The company owns 42 different apartment complexes across Canada and the United States totalling more than 13,000 different units. It has grown significantly since its 2012 IPO, and there’s always potential to acquire more apartments. There are millions in North America alone, and today’s economic uncertainty may lead to some future deals.
Morguard is Canada’s cheapest apartment REIT on a couple of different metrics. It trades at approximately 10 times trailing funds from operations. Most other apartment REITs are in the 15-20 times earnings range, with shares trading at approximately 40% of book value.
Perhaps the best part of a Morguard Residential investment is this safe real estate stock’s yield. The payout is 5.2% and the payout ratio is barely over 50% of last year’s earnings. The distribution is solid.
BSR REIT (TSX:HOM.U) owns apartments in various cities in the southern United States, with the portfolio spread over states like Texas, Oklahoma, and Arkansas. It focuses on garden style apartments and owns approximately 9,000 units.

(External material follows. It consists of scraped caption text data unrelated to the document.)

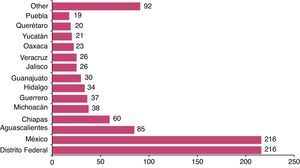 Distribution of birthplaces of patients enrolled in the RENACCAPE.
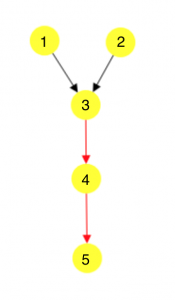 Numbers represent proteins and directed edges represent interactions. PathLinker can find 1->3->4->5 and 2->3->4->5 as two different paths, but only 4 of the 6 edges are unique.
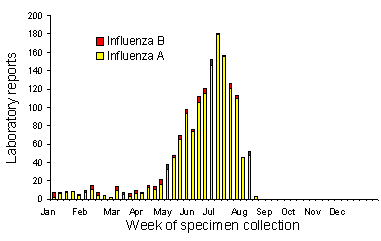 Figure 2. Influenza laboratory reports, 1998, by virus type and week of specimen collection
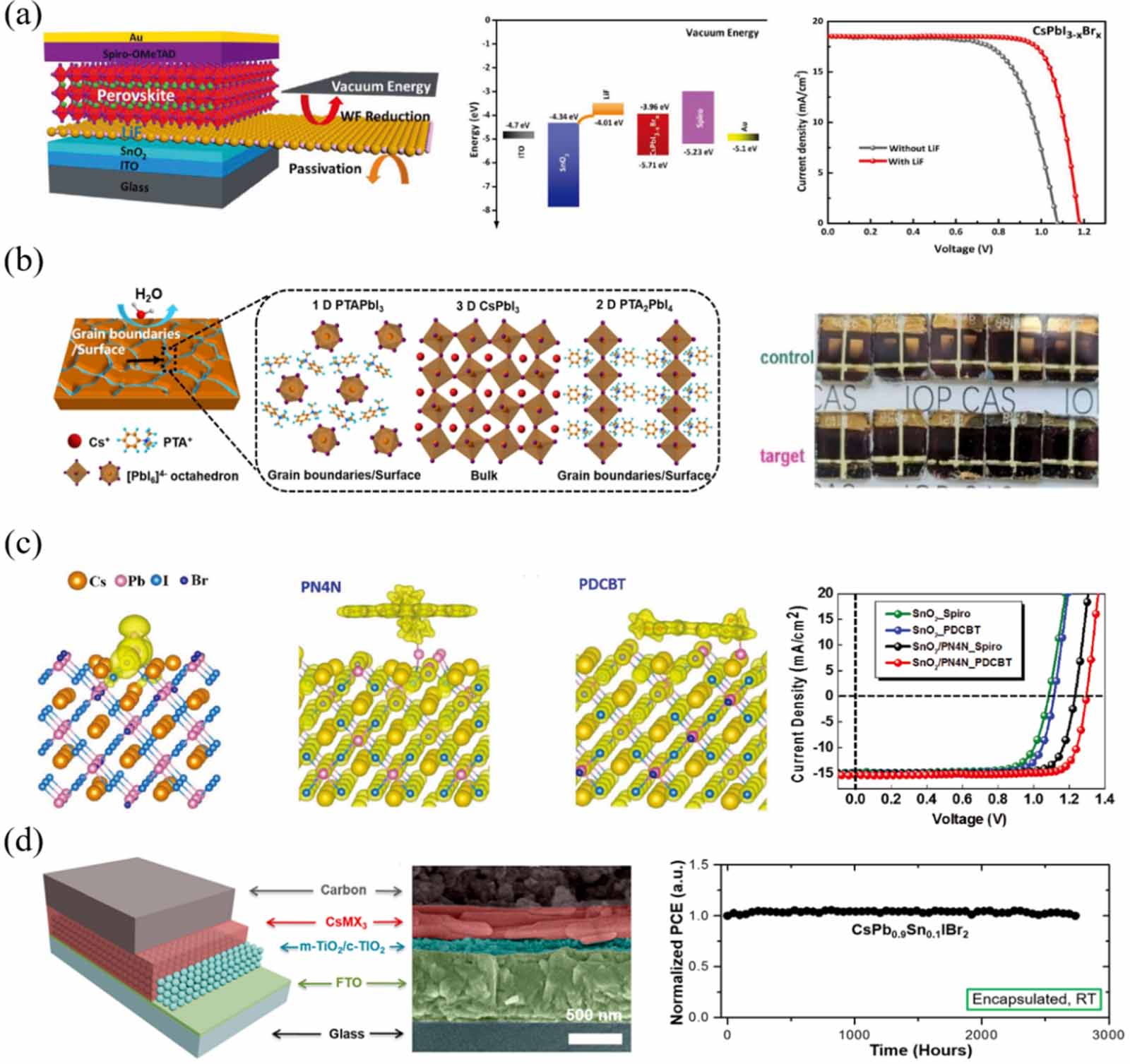 The stability of inorganic perovskite solar cells: from materials to ...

One of the more interesting things about this safe real estate stock is the high degree of insider ownership. Led by CEO John Bailey, insiders own approximately half of the company. There’s a reason why investors like to see lots of insider ownership: it ensures management’s incentives are well aligned with their own.
BSR has reported preliminary results for both April and May, telling investors that rent collection has been strong. While May was a little weaker than April, that’s to be expected.
The company also has a healthy cash position after selling some non-core assets — something that should help the company get through this current uncertain environment. That’s also good news for the dividend, which has popped up to 5% yield after shares have sold off recently.
The bottom line on these safe real estate stocks
If you’re looking for safe real estate dividends, look no further than solid apartment stocks like European Residential REIT, Morguard North American Residential REIT, and BSR REIT.
These companies have what it takes to make it through today’s uncertain economy unscathed.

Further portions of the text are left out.